Читать книгу Im Land unter dem Sternbild - Martin Carter - Страница 3
ОглавлениеProlog
London 1893
Es war früher Abend. Die Sonne glühte schwach orange am fernen Horizont. Ihre letzten warmen Strahlen des Tages spendeten dem prachtvollem Universitätsgebäude am Burlington Gardens im Stadtteil May Fair einen Rest Licht. Die großen langgezogenen Fenster im Flur warfen lange Schatten auf kunstvolle Ritterrüstungen und Marmorbüsten. Ein unheimliches Licht- und Schattenspiel ließ die Gesichter lebendig werden. Mit ihren zeitlosen Blicken verfolgten die steinernen Gesichtszüge den Weg eines Mannes, dessen Schritte gespenstisch durch die hohen Flure hallten. Der Mann schritt erhaben, mit hochgerichtetem Haupt durch die menschenleeren steinernen Korridore.

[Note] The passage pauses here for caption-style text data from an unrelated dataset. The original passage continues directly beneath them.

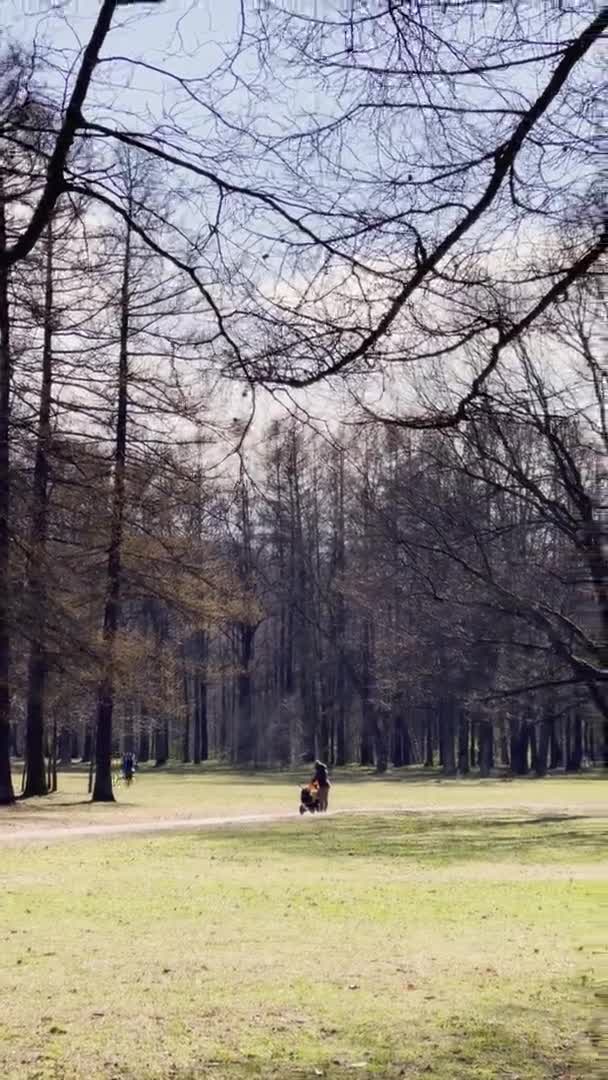 Imágenes verticales de A women is walking with baby carages in public park at sunny day, El niño monta en bicicleta, el padre corre detrás de él, tiempo despejado — Vídeos de Stock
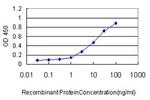 TAF1 Antibody in ELISA (ELISA)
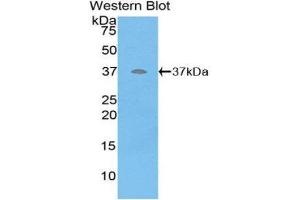Western Blotting (WB) image for anti-Defensin beta 2 (BD-2) (AA 23-63) antibody (ABIN1858624) (beta 2 Defensin antibody  (AA 23-63))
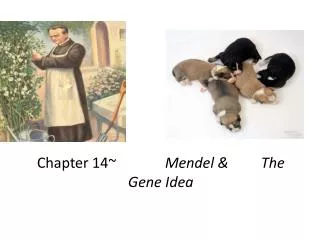 Chapter 14~		 Mendel &amp; 	The Gene Idea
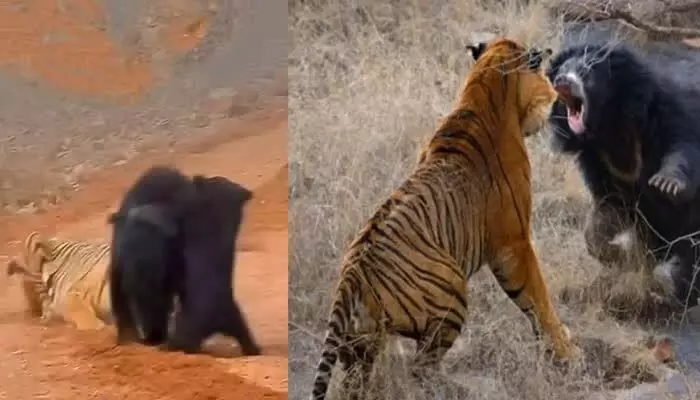 Video Viral:తన పిల్లతో కలిసి రోడ్డు దాటుతున్న ఎలుగుబంటి.. ఒక్కసారిగా ఎదురైనా చిరుత.. చివరికి ఏమైందంటే!? Video Viral:తన పిల్లతో కలిసి రోడ్డు దాటుతున్న ఎలుగుబంటి.. ఒక్కసారిగా ఎదురైనా చిరుత.. చివరికి ఏమైందంటే!?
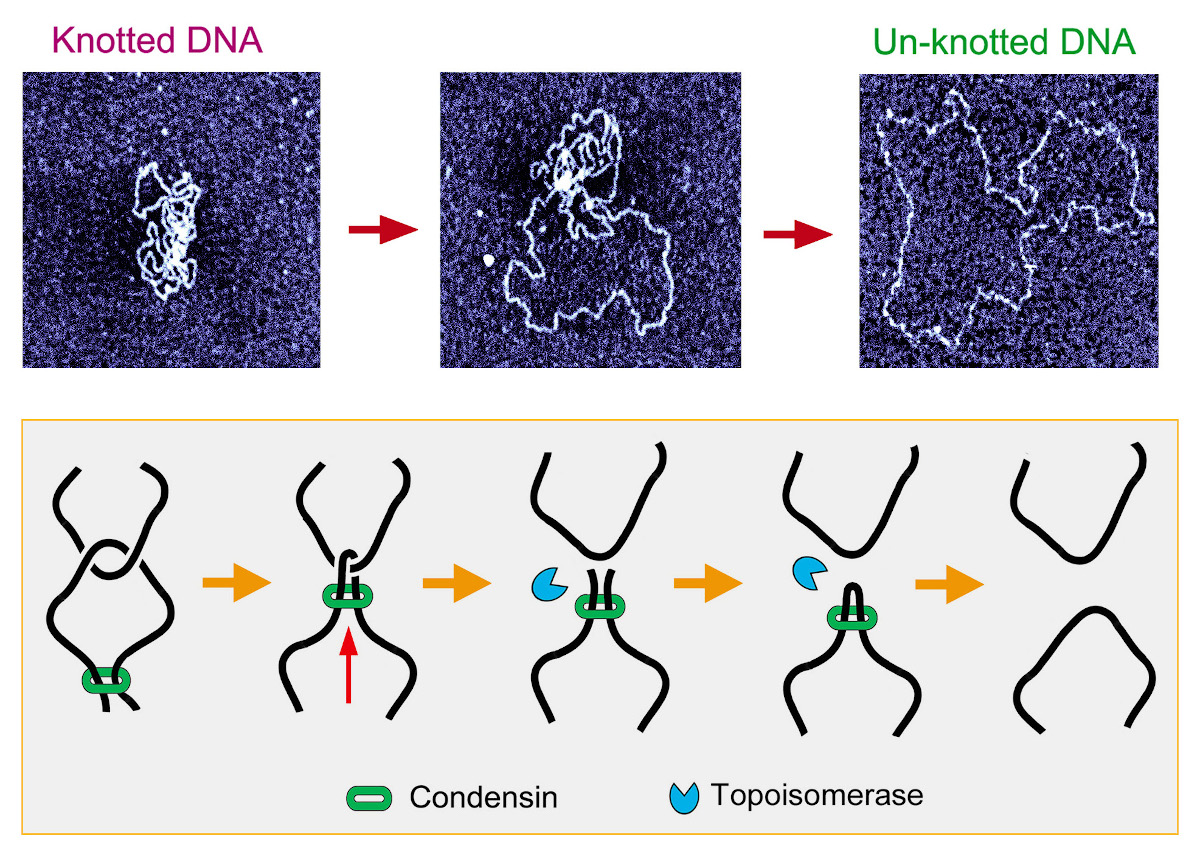 Les molècules d'ADN presenten freqüentment nusos molt complexos que impedeixen el normal funcionament dels genomes. La condensina busca i tensa els entrecreuaments de l'ADN perquè la topoisomerasa pugui dissoldre'ls mitjançant talls transitoris de les cadenes d'ADN.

Trotz des erhobenen Hauptes, behielt James Flanagan akribisch den glatt polierten Steinboden im Blick. Hier und da, erblickte er matte Stellen, sowie Wasserflecke. Der Boden war nicht gut genug gereinigt worden, sagte er zu sich, und er würde sich den Verantwortlichen dafür später zur Brust nehmen. Flanagan hasste es, wenn Aufgaben nicht perfekt erledigt wurden. Er - war immer hundertprozentig. Das schon sein Aussehen und Auftreten. Die grauen Haare, stets in einer Linie nach hinten gekämmt. Um dem markanten Gesicht mehr Ausdrucksstärke zu verleihen, achtete er darauf keinen Bartschatten durchschimmern zu lassen, weshalb er sich täglich viermal rasierte. Die schwarzweiße Uniform mit den goldenen Verziehrungen saß maßgeschneidert, die Fliege war perfekt gebunden, die Hände in lupenreinen weißen Handschuhen gehüllt und die schwarzen Lederschuhe wurden stündlich auf Hochglanz poliert. All dies nützte nichts ohne eine perfekte Haltung. Ein gerader Gang mit durchgedrücktem Rücken und kräftigen, aber nicht zu lauten Schritten. Wenn er anderen Menschen so begegnete, sahen alle, dass sein Herr eine wichtige Persönlichkeit war. Er wusste, sich geschickt im Hintergrund zu halten. Nie durfte ein Diener zu sehr auffallen, immer musste er seinem Herrn und Gentleman vermitteln die wichtigste Person überhaupt zu sein. Ein guter Diener war die rechte Hand des Herrn, ohne das es diesem auffiel.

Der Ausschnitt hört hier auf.